Are there any restrictions on doing business with certain countries or jurisdictions?

There are no restrictions on doing business with different countries and/or jurisdictions. However, for transfer pricing (TP) purposes, there is a 180-day period at year-end during which Dominican residents that carry out operations with an entity resident in a tax haven or low taxing jurisdiction need to disclose such transactions (which should be at arm’s length) to the Dominican tax authorities. Pursuant to Law 11-92 and its modifications, these entities will be considered related for TP purposes, and a corresponding TP study will serve as evidence of the transaction values.

Are there any exchange control or currency regulations?
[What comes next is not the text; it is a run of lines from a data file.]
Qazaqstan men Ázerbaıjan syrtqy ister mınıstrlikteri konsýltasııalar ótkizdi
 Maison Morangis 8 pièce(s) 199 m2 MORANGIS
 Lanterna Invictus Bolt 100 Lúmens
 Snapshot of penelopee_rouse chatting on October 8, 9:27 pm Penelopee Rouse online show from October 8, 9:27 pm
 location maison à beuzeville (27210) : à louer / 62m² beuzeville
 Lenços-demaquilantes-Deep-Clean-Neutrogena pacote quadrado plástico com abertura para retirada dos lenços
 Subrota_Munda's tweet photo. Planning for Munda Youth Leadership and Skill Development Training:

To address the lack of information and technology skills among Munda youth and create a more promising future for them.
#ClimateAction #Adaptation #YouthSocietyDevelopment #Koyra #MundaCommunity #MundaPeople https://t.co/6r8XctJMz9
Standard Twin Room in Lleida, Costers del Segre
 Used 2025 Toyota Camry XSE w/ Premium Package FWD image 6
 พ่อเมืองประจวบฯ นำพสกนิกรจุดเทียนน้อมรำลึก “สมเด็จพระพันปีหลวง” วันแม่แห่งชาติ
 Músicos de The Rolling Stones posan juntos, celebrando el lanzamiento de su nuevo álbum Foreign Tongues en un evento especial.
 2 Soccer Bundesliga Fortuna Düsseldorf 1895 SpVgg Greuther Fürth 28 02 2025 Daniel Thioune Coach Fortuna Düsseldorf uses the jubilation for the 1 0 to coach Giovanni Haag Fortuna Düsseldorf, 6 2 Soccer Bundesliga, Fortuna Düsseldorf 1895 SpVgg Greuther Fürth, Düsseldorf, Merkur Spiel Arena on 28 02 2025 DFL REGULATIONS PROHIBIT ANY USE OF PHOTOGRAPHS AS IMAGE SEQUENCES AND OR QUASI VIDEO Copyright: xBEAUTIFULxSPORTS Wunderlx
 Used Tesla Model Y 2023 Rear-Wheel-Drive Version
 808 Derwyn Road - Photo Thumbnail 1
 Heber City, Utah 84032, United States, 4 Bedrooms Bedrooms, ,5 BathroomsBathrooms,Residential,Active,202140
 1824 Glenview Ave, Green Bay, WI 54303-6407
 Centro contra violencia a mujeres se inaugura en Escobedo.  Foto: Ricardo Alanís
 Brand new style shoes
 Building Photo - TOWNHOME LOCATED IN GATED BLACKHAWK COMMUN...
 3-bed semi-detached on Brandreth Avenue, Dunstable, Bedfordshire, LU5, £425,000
There are no exchange control or currency regulations. The Monetary and Financial Law provides that monetary and financial operations are to be undertaken under free market conditions, with the exchange market based on the principle of free convertibility of the local currency with foreign currencies. Economic agents may freely undertake transactions in the currencies of their choosing. The Central Bank cannot limit international exchange operations in a manner that affects the free determination of price. However, the Monetary and Financial Board, with an extraordinary majority, may resolve to establish limits, on a temporary basis (not greater than a year), to the introduction of short term capital in a foreign currency, provided that these limits are imposed in accordance with international standards, under fair conditions and in good faith. However, it should be noted that no measures of this nature have been imposed during at least the past 15 years.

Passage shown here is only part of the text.